When handling data streams which are nonstationary, concept drifts will become the problems for the models of machine learning. If stationary data producing process is changed, the prior model will become inaccurate or completely useless [42], [43]. An example of concept drift is navigation system, which has to update the map very instantly when it is misleading the vehicles [44]. Another example is an application website which is used for online shopping, has to sense drastic change in the preferences of the customers [45]. Non-adaptive model’s performance

(6)

will vary periodically when the seasons are changed [46]. These models are used for predicting the demand and supply of local heating energy. They refer the outdated information which is a cause for their failure.
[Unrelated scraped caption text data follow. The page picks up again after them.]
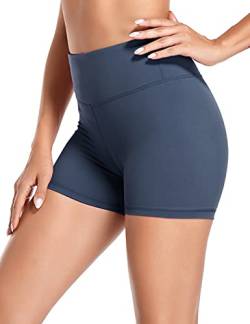 coastal rose Damen High Waist Workout Shorts Bauchweg Yoga Shorts 4 Zoll Training Bike Shorts mit Innentasche - Blau - Mittel von coastal rose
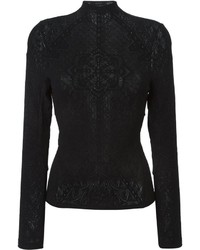 High Lace Knit Turtle Neck Sweater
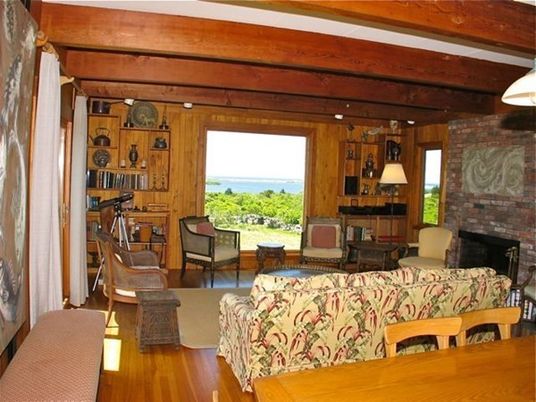 Interior, Wood Texture Flooring, Living room, Dining room, Fireplace, Wooden Beams, Wooden Ceilings, Water, Stone Walls, Wooden Walls, Pendant Lights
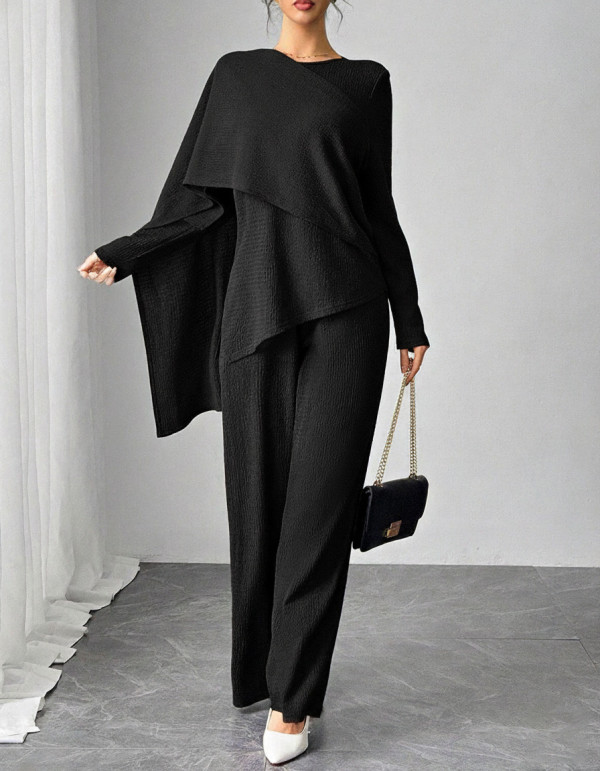 EVE Solid Color Long Sleeve Loose Two Piece Pants Set HNIF-SY013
It is very time consuming and sometimes it is impossible to manually check the drifts in an environment. Thus a method that automatically identifies the drifts and adopts it to the models is proposed in [47]. These methods are categorized as active approach and passive approach [48]. Active approaches will monitor the performance of models when it is stationary and it will activate the adaptation process when it identifies a drift [49]. Here the main challenge is how to create a drift indicator that represents performance. A good drift indicator is one which is simple in procedure for detection and for computation. Also it should be highly sensitive to identify the drift. To construct the drift indicators two methods are available. One method is based on the real labels in the data sets. The other method uses only unlabeled data.

In the next section, problem statement is presented by considering above said future open issues and the challenges in constructing efficient detection methodology for anomalies in online environment.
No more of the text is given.